**PROBLEM STATEMENT:** When you reach the line containing "Cavitation Machines - Wholesale", begin reproducing the material exactly, stop after the line containing "Immunofluorescence (IF) /", and leave out any pictures along the way.

+++ INPUT RECORDS +++

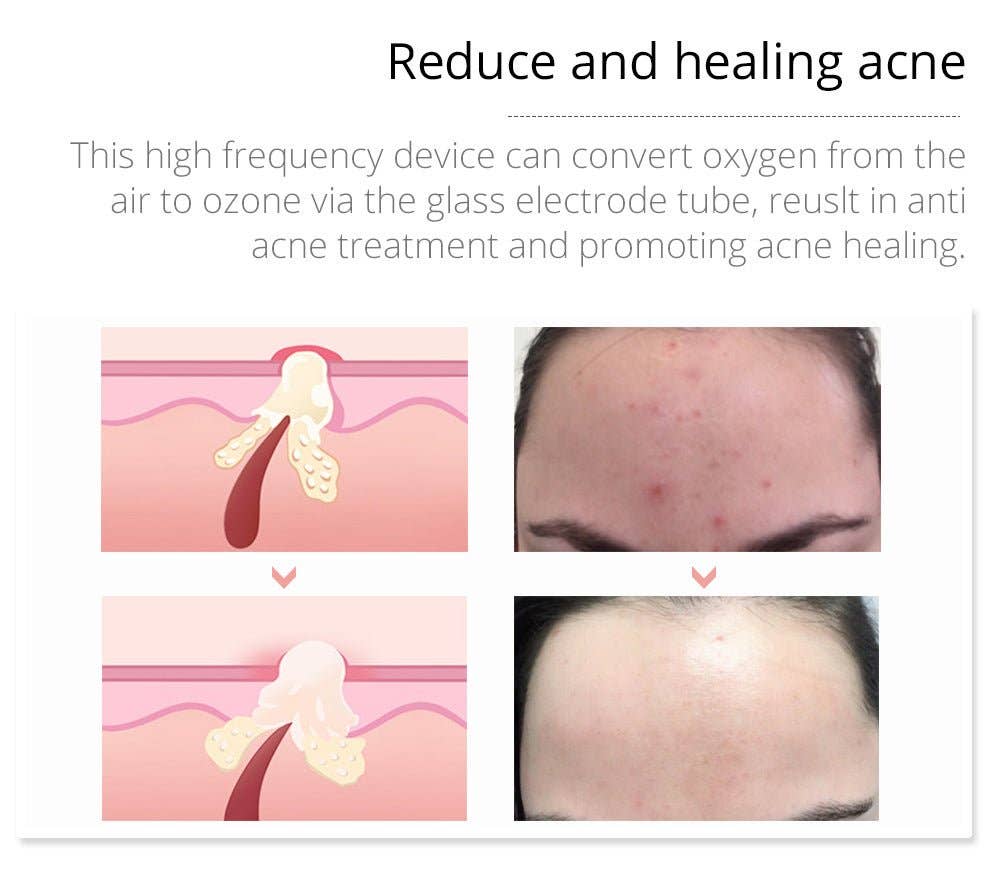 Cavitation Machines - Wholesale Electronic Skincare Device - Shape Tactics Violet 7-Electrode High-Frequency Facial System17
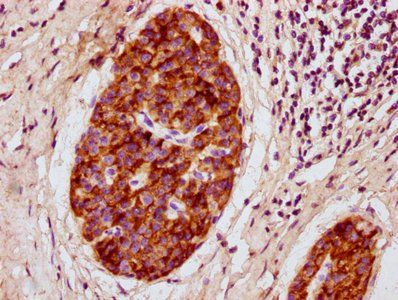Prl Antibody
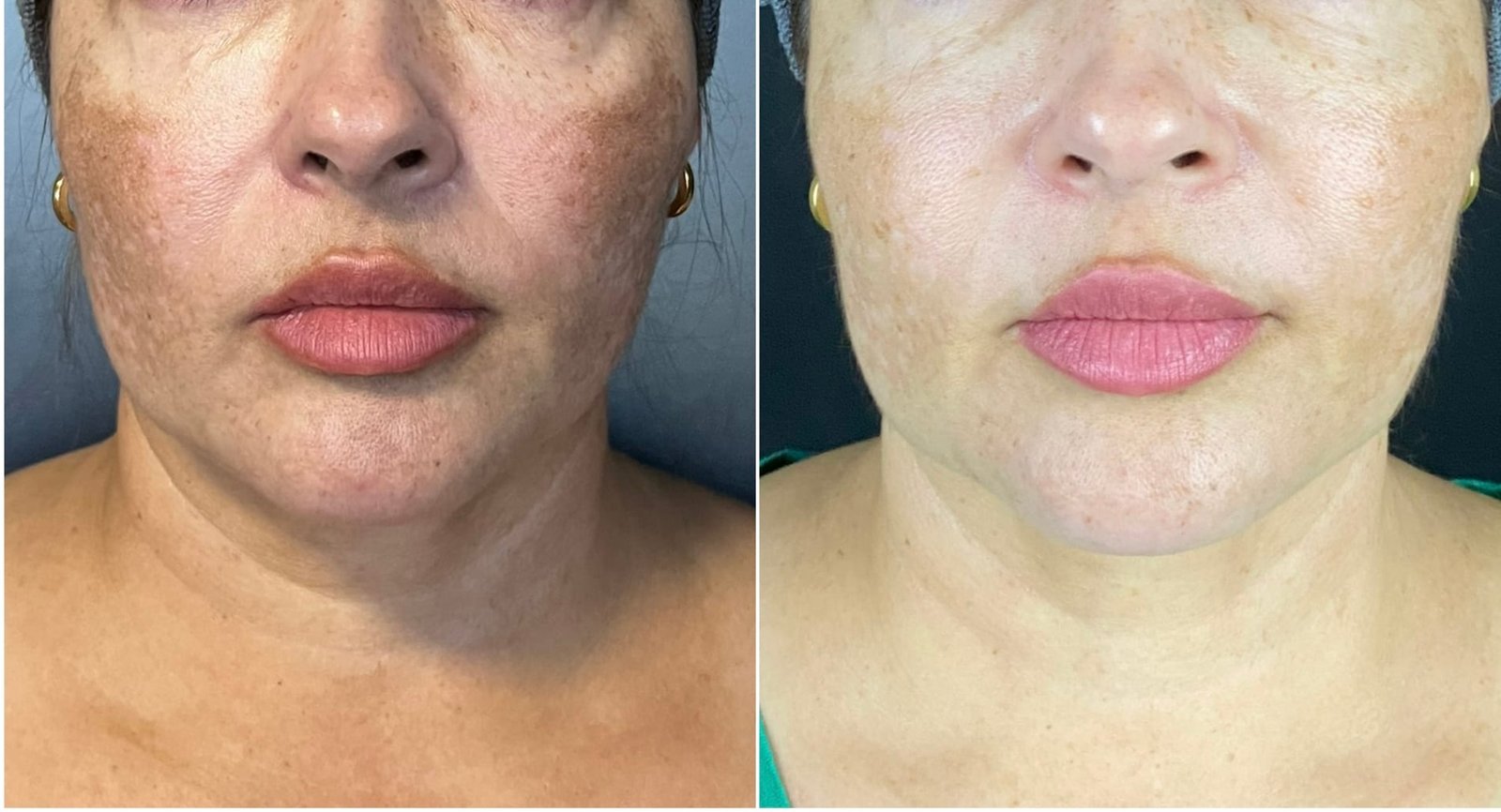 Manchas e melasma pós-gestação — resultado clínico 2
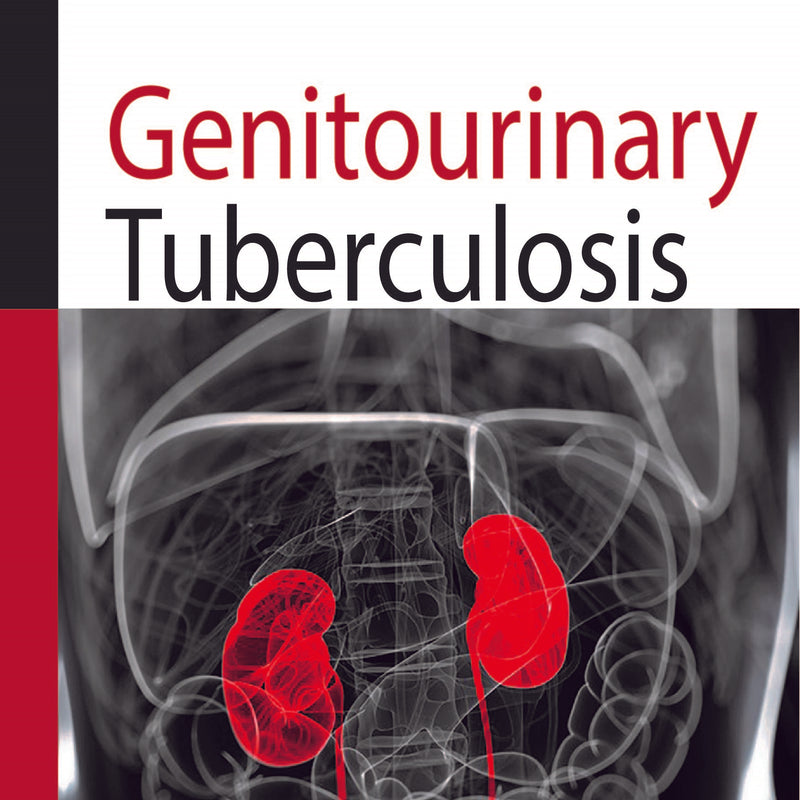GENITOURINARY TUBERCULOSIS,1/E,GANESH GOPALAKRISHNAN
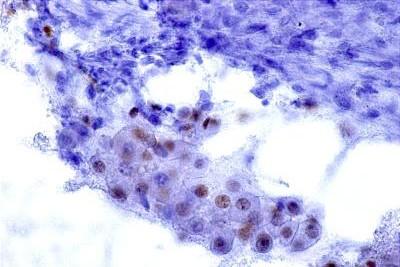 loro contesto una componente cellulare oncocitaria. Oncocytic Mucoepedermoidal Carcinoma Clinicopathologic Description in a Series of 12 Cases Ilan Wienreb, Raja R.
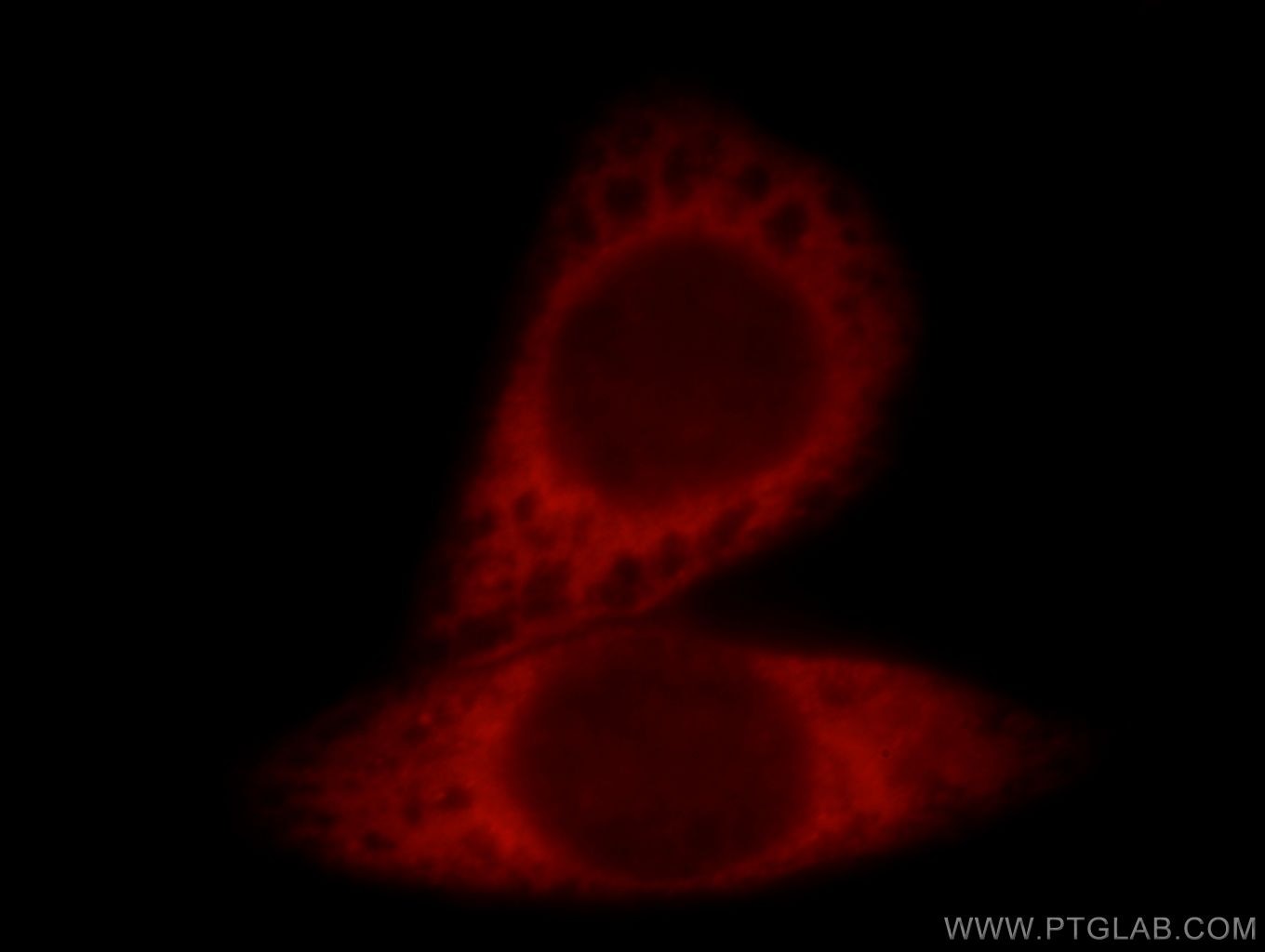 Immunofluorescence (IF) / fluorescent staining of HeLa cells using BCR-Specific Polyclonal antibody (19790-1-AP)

+++
+++ INPUT RECORDS +++

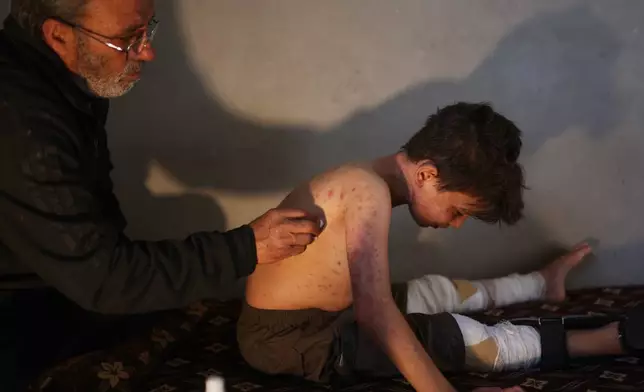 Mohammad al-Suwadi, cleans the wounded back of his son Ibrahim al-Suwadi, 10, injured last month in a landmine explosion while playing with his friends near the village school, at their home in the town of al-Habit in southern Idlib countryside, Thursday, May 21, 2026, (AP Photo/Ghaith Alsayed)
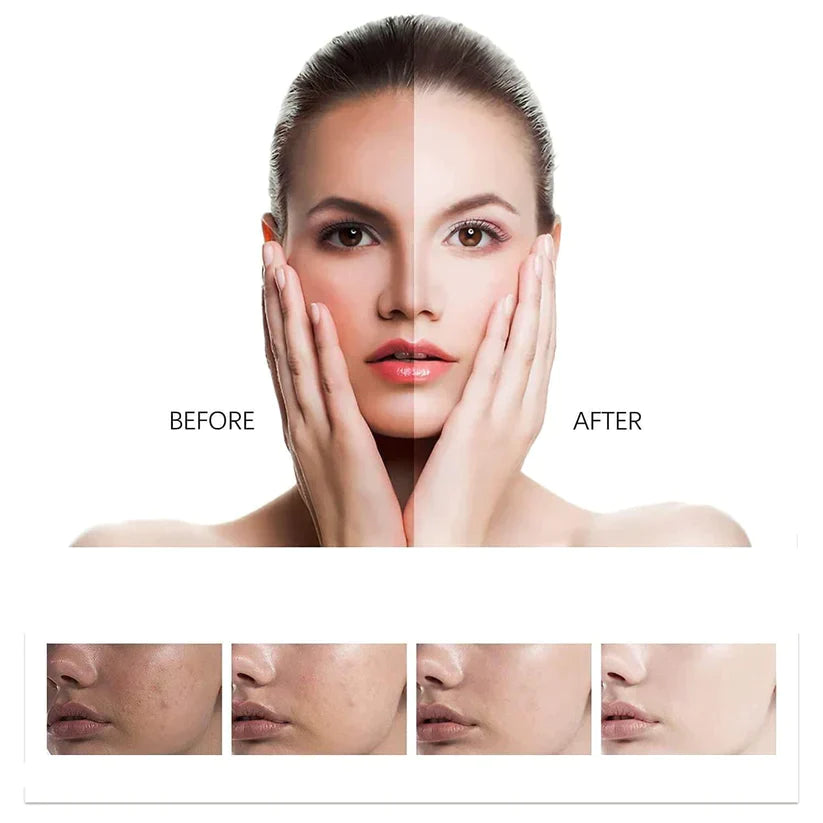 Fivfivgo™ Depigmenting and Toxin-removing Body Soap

+++

**REPLY TO THE EXERCISE:**
 Cavitation Machines - Wholesale Electronic Skincare Device - Shape Tactics Violet 7-Electrode High-Frequency Facial System17
Prl Antibody
 Manchas e melasma pós-gestação — resultado clínico 2
GENITOURINARY TUBERCULOSIS,1/E,GANESH GOPALAKRISHNAN
 loro contesto una componente cellulare oncocitaria. Oncocytic Mucoepedermoidal Carcinoma Clinicopathologic Description in a Series of 12 Cases Ilan Wienreb, Raja R.
 Immunofluorescence (IF) / fluorescent staining of HeLa cells using BCR-Specific Polyclonal antibody (19790-1-AP)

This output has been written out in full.